I am not sure how or why I stumbled across this book but I am so glad I did. Brilliantly read by Eleanor Bron (surely the voice of the archetypical Edwardian lady) this is the story of a middle aged woman and the young man who falls deeply in love with her. Of course there are obstacles in the way, and naturally you will assume the relationship is doomed. But there is so much more to this book than this. This is about love in its many forms and how people are far more complicated than you initially assume. Although this book was written nearly a hundred years ago, our attitudes towards relationships between the young and old have hardly changed and this will stir you just as much as a more modern novel on this subject would.
Elizabeth von Arnim writes with charm, a deceptively delicate touch and a very sly wit that had me chuckling to myself at times. This book also has one of the most powerful and moving endings I have ever read. You will be impressed.

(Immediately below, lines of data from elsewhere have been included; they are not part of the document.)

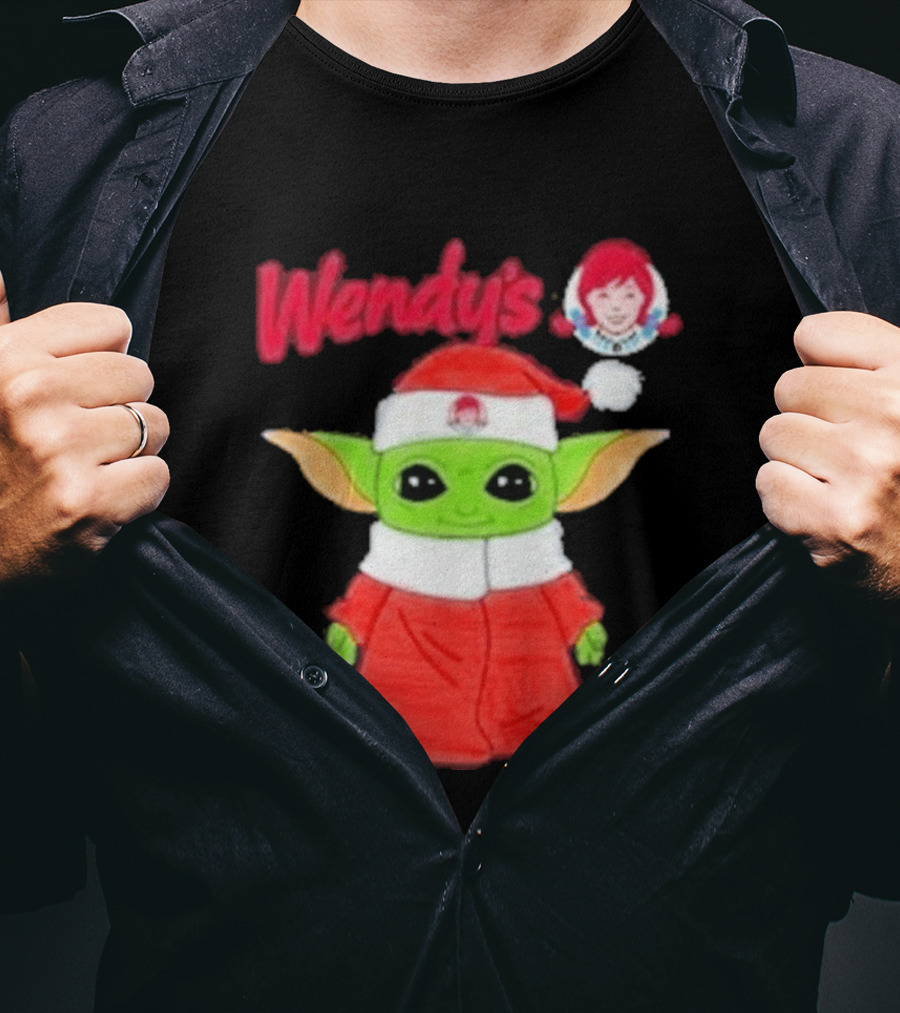 Wendy's Baby Yoda Santa Christmas T-Shirt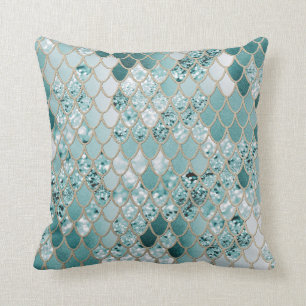 Mermaid Glitter Scales #3 #shiny Throw Pillow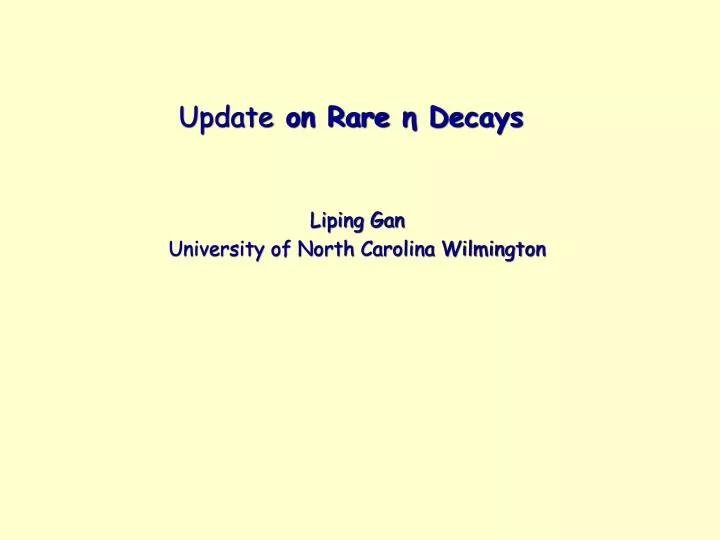 update on rare decays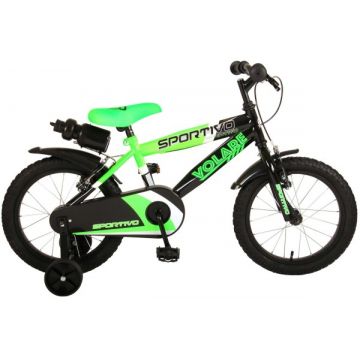 Bicicleta copii Volare Sportivo Verde 16 inch cu 2 frane de mana si sticla apa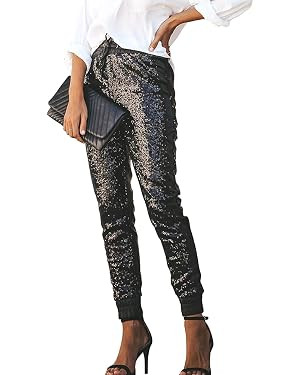 ALLUMK Womens Black Sequin Bling Legging Joggers Pencil Pants with Drawstring | Amazon (US)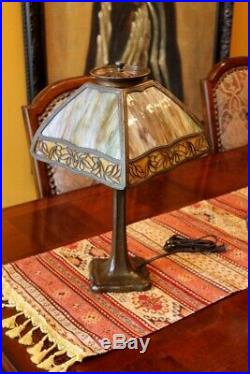 Antique Signed Handel Slag Glass Table Lamp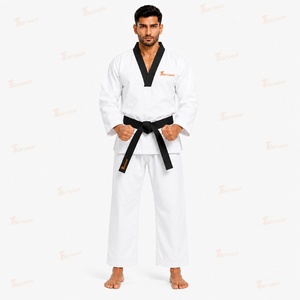 Uniforme de Taekwondo Thorwor para Hombre, Blanco, 8oz, Algodón Transpirable, Cuello en V, Corte Regular para Adultos, Prenda de Una Pieza para Artes Marciales - Product Image 2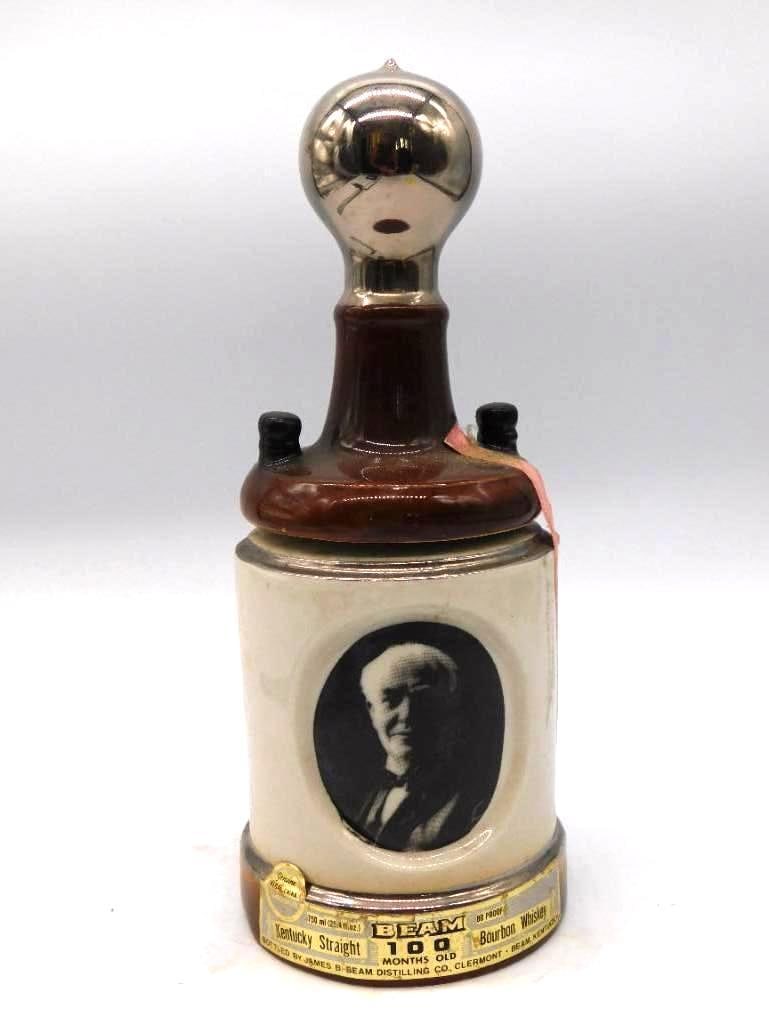 Jim Beam Thomas Edison Light Bulb Bourbon Decanter Seal Intact (1 of 3)
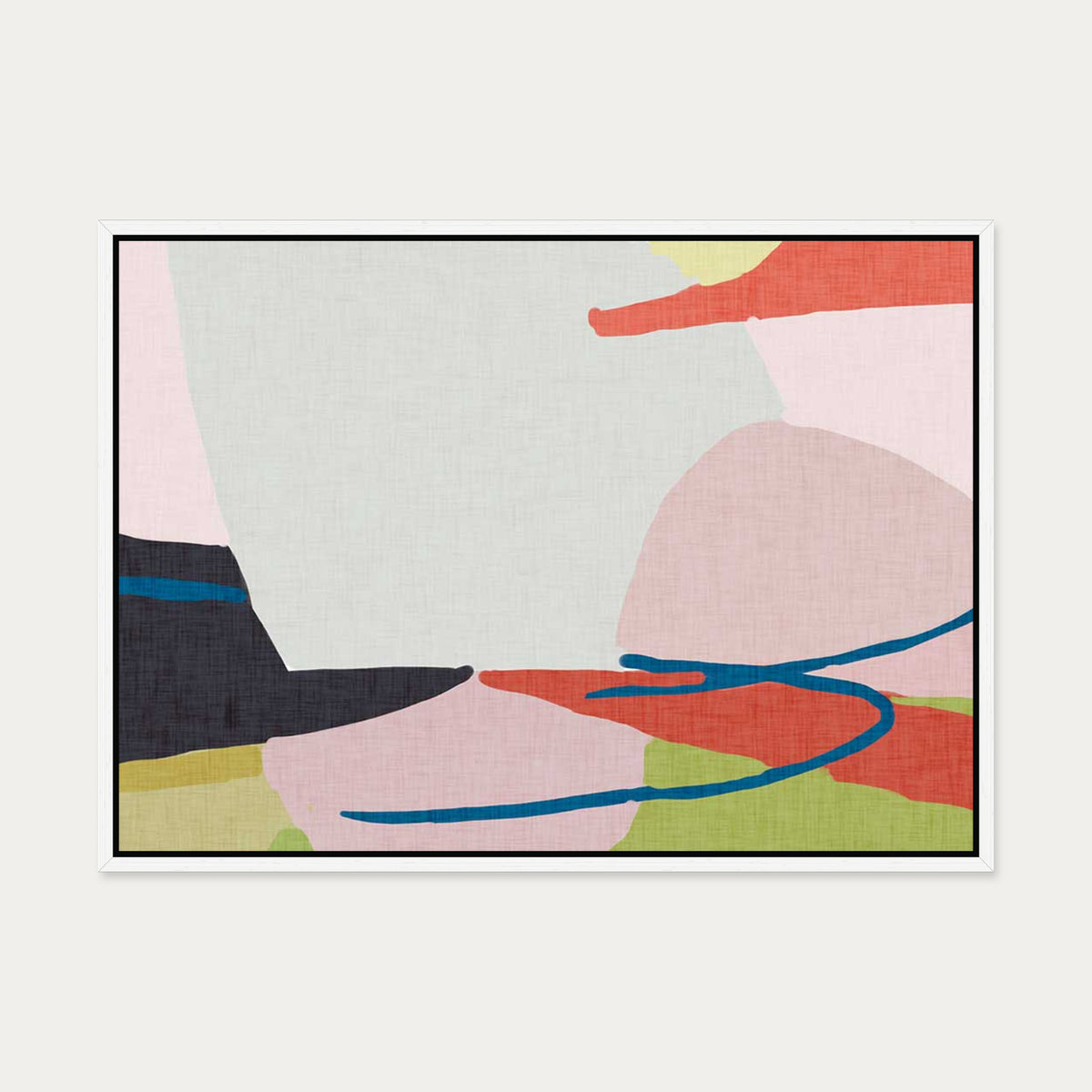 Abstract Jungle Canvas Art — 50 x 70 cm — White Frame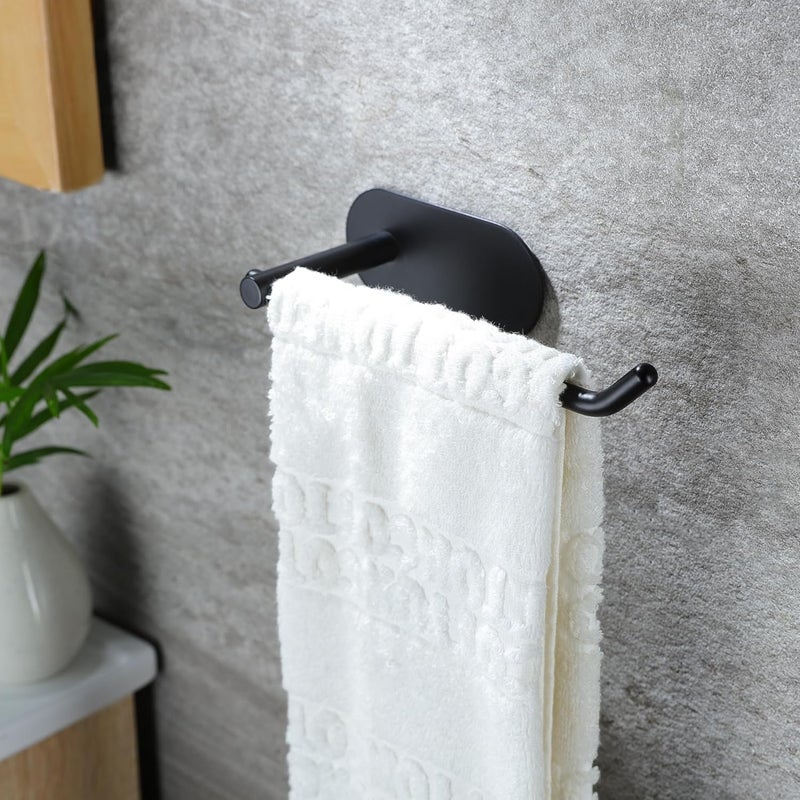 SUNTECH Hand Towel Holder - Black Towel Ring for Bathroom, Adhesive Towel Bar for Organizing Towels, 6 3/10 Inch Hand Towel Rack, Stainless Steel - Image 3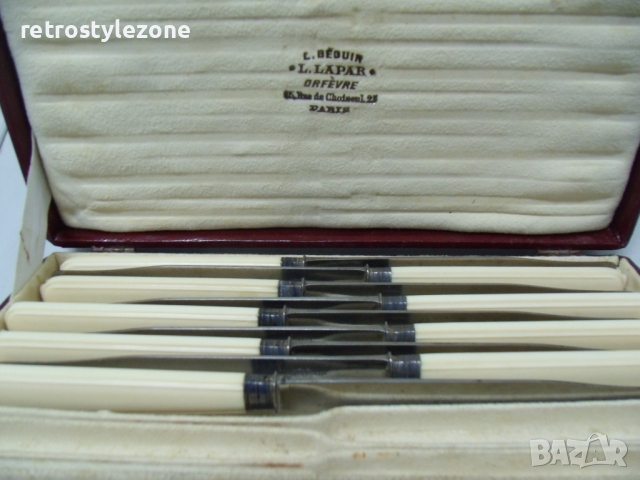 № 6177 стари френски ножчета - L.Lapar - Paris  - 9 броя с кутия   - надпис / маркировка , снимка 5 - Антикварни и старинни предмети - 36570440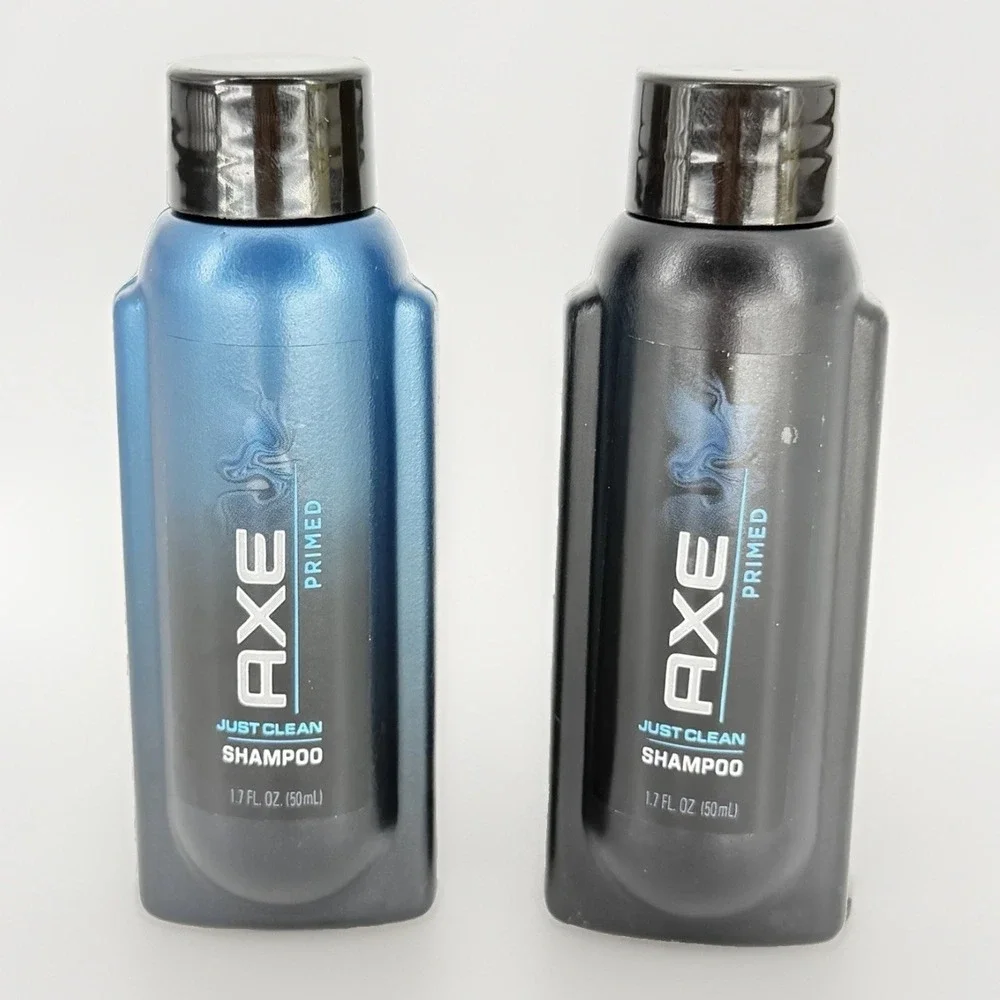 AXE Primed Just Clean Travel Size Shampoo Lot 7 Bottles w/ Mesh Bag 1.7 oz Rare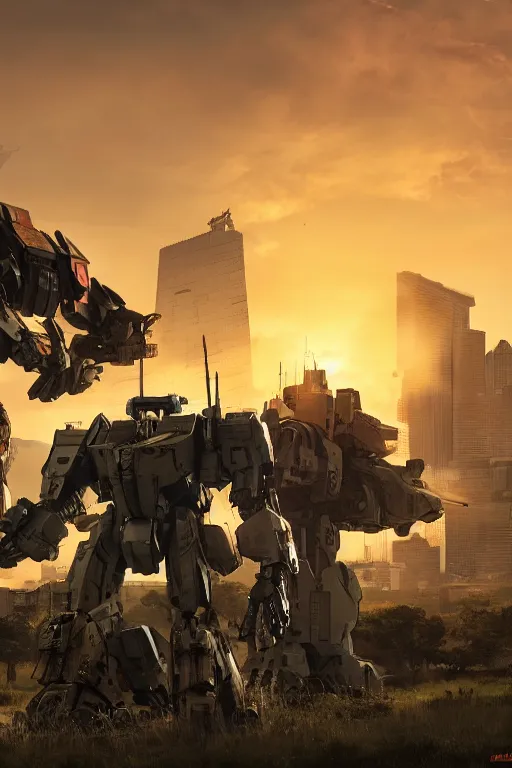 Prompt: A realistic photo of a huge Mechwarrior, a sunset in the distance, by Josan Gonzalez, Yoji Shinkawa and Geof Darrow, highly detailed, Unreal Engine Render, 3D, 8k wallpaper, uplight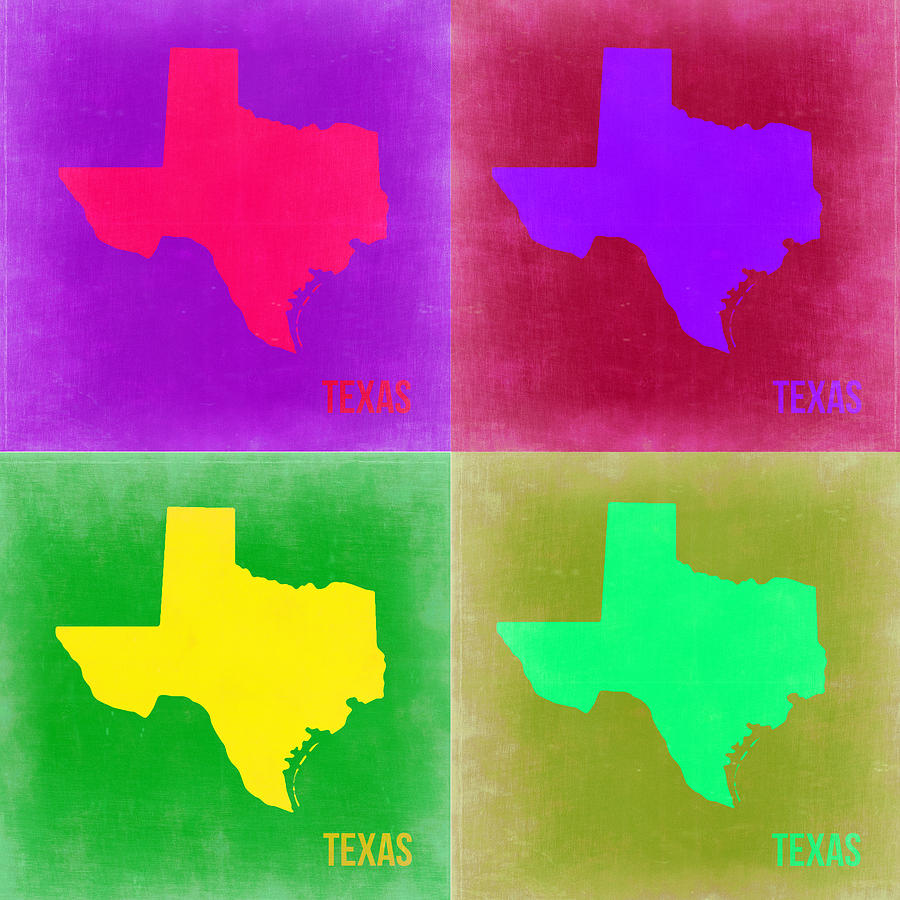 Texas Map Painting - Texas Pop Art Map 2 by Naxart Studio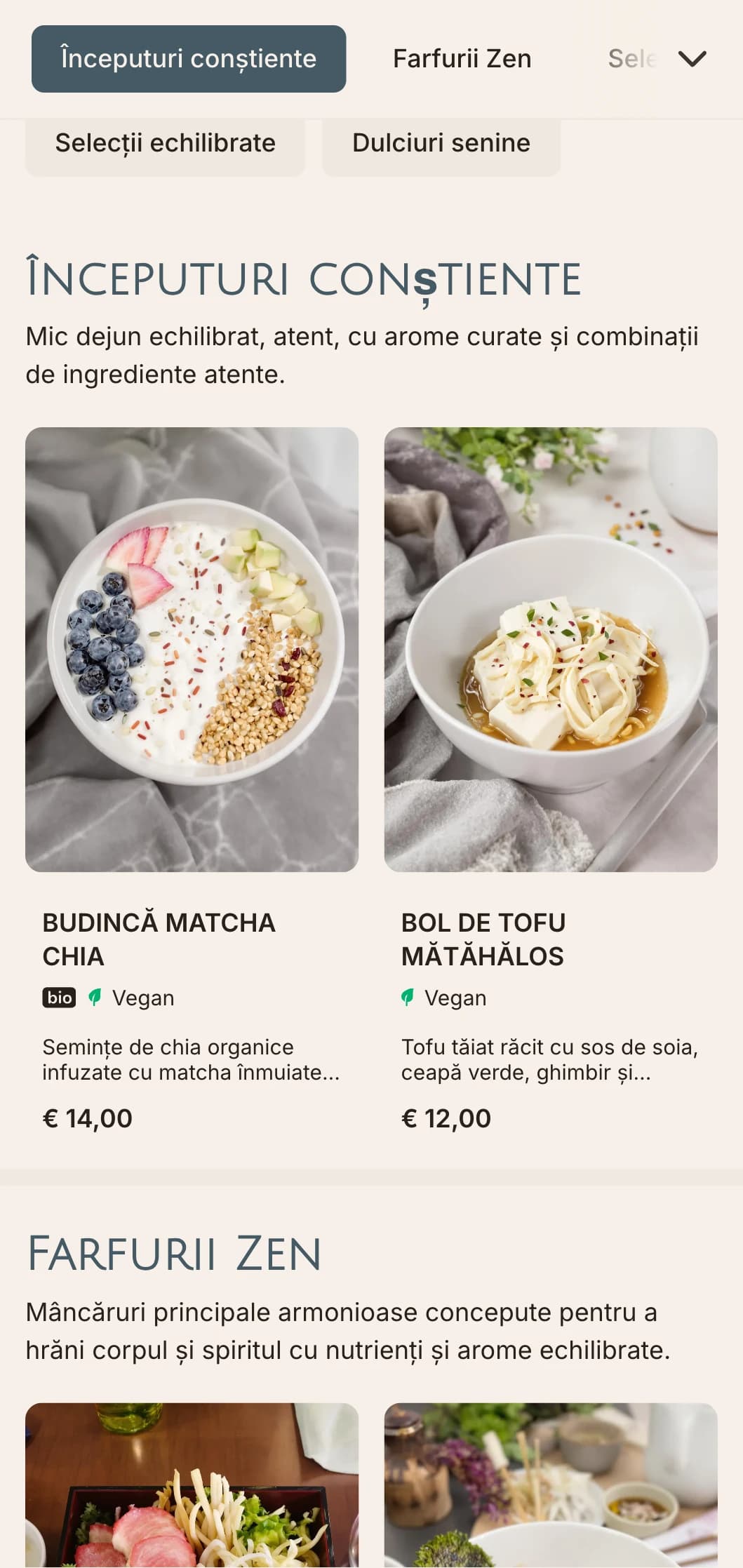Șablon de brunch liniștit, echilibrat, cu influențe asiatice, potrivit pentru cafenelele de wellness care oferă matcha și experiențe culinare conștiente.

Loved this book and one I would enjoy reading again. It was well written and a very clever but in a way sad story.
"Hated it... Loved it"
After an hour I wanted to put it down, I had no idea how, it attained a 5 star rating from a reviewer I had happened upon. On it’s opening it reads as I would imagine a bad Mills and Boon but without the sex. The main female character is always giggling and happy and the man appears to be slightly less than a man, more a boy, let’s not call it LOVE, maybe it should be more appropriately called CRUSH, or FOLLY. Why did I not like the beginning, had it been the accent and intonation of the narrator? No the reader’s voice only matched the lack of emotional depth in the text, the one hundred year old text does seem dated, while I don’t doubt that people did used to speak in that frightfully correct way, I do not believe that people thought frightfully correctly, this rankled me as the characters were not real and rounded. All this said I had paid for the novel so I was going to listen to it. However after a few hours something happens and that’s that an engaging story starts to emerge, the characters begin to flesh out, unexpected turns of events come about and some of the fluff disappears. The female lead becomes a real woman with real emotions, the male character finally does something other than just fawn. Finally the societal pressures that are talked about all throughout the book become real and have real life consequences for the characters and I found my self intrigued and a firm fan of the novel from at least half way through to the ending. I found my viewpoint flipped around from one ‘side’ to another and then to the point that I didn’t know what I thought but finally like the characters in the novel I realised that life and love is complicated. A worthwhile read, it’s a story called Love but it doesn’t read like a love story, I hope you enjoy it if you decide to give it a go.